FEBRUARY 9 AND 10 HOLD importance for me. They are the dates two of my three children, now all adults, were born. The daughter arrived first, a second daughter 21 months later in November and then the son on February 9, the day before his oldest sister’s eighth birthday.
Yes, I was a busy mom. There never seemed to be time for myself or enough time in a day. Something always needed doing. Someone always needed help or attention. I’m not complaining, just telling it like it was.
I miss those days. I miss my kids. But I did my job, as best I could, raising them to be independent adults. The daughter is married, a busy mother of two, including a newborn. I love watching her with her daughter and son. She’s attentive, loving, caring and just a really good mom.

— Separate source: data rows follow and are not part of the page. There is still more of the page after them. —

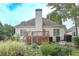 Manicured backyard with a deck and bird bath at 1239 Brentwood Ct, Douglasville, GA 30135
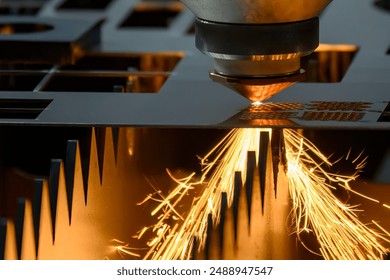 Close up scene the fiber laser cutting machine cut the metal plate with the sparkling light. The hi-technology sheet metal manufacturing process by laser cutting machine.  - Powered by Shutterstock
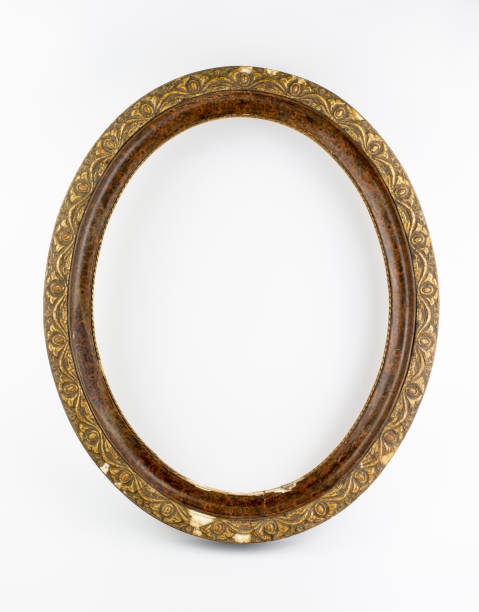 istock Old antique oval wooden picture frame isolated on white background. 1447549868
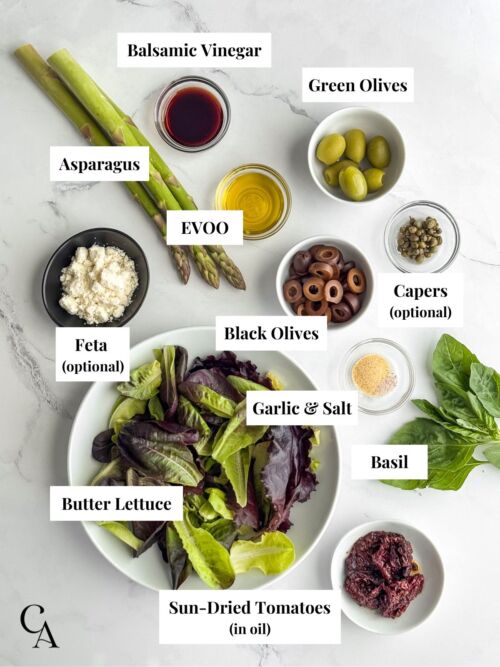 Small bowls of ingredients on a marble surface.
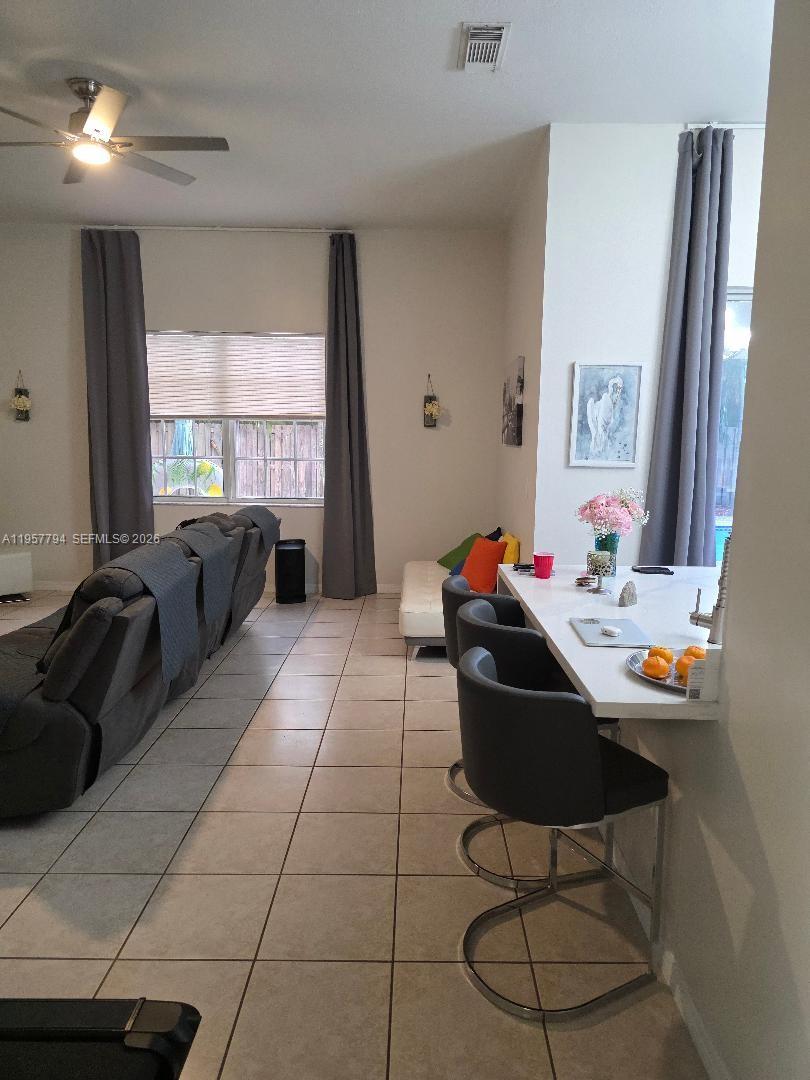 15764 Southwest 101st Street Miami, FL 33196 - Photo 4 of 27 a living room with furniture or couch and a large window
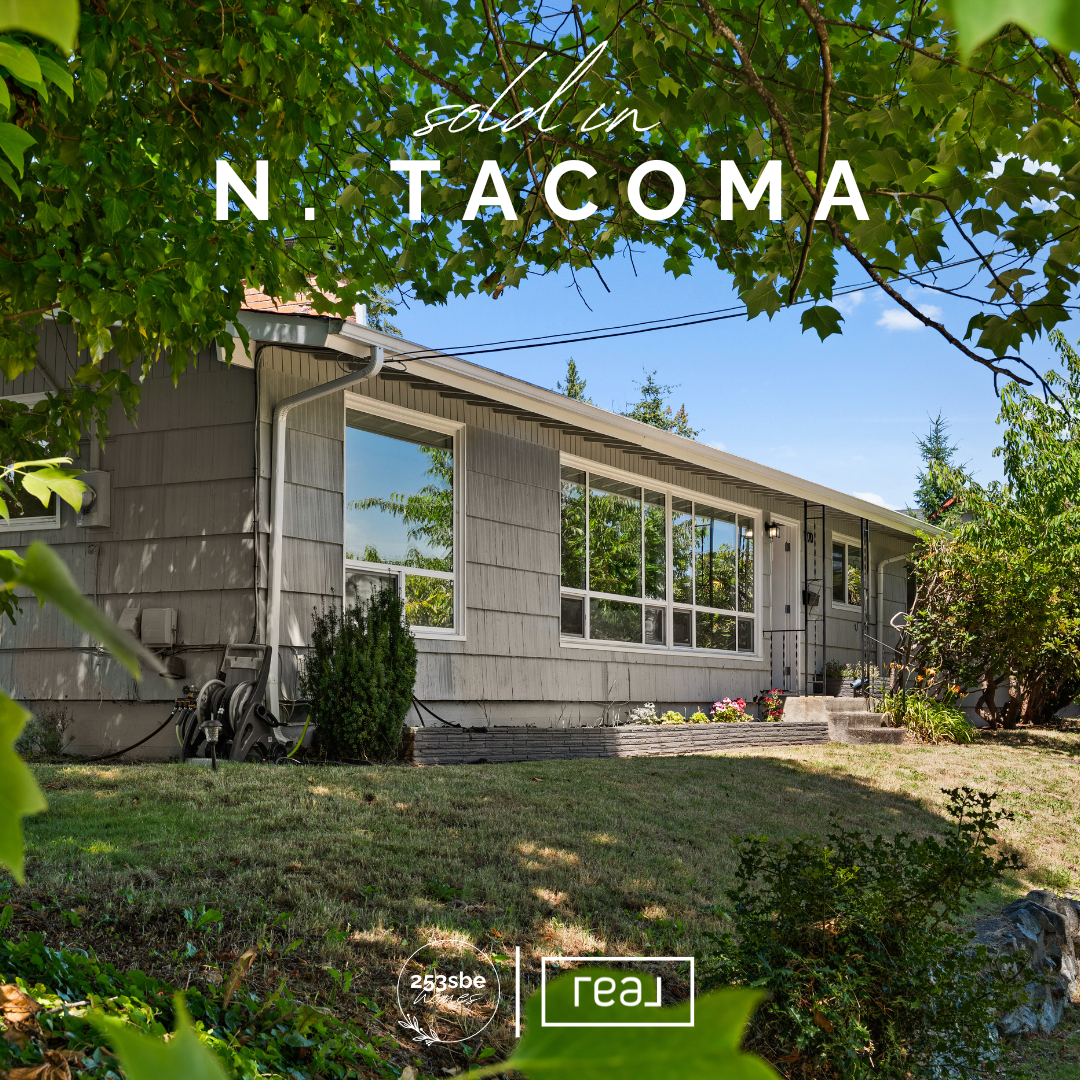 Front view of a single-story house in Tacoma, Washington, with large windows, a small porch with steps, surrounded by trees and shrubs, under a clear blue sky.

Sometimes when I look at my granddaughter, I glimpse Amber at the same age. There’s a certain way Izzy will act or a profile I’ll catch or a look I’ll see that makes me think for a moment that I’m watching my eldest daughter. What a gift to experience that timeless moment.
With my son, who lives way too far away from Minnesota in Boston, I remember most the moment he arrived home from school. Nearly daily Caleb asked for a hug. He didn’t need to ask. I would have given him one. But to hear his sweet request, oh, what joy that brought this mama. I miss his hugs. Whenever he’s back for a visit, I grab all the hugs I can to hold emotionally close in his absence.
There will be lots of hugs in the next few days as Caleb flies in for a short visit, totally unexpected. It will be the first time since 2012 that we’ve been together on his birthday. I’m excited.
Because of distance and/or busyness of life, I seldom celebrate my kids’ birthdays with them. It just is not possible. But that doesn’t change how I feel about their birthdays. Their births opened my heart to a love that is intuitive and deep and unconditional—a mother’s love.
Happy birthday, Amber and Caleb! I love you both always. And I look forward to celebrating with both of you this weekend. My mama’s heart is happy.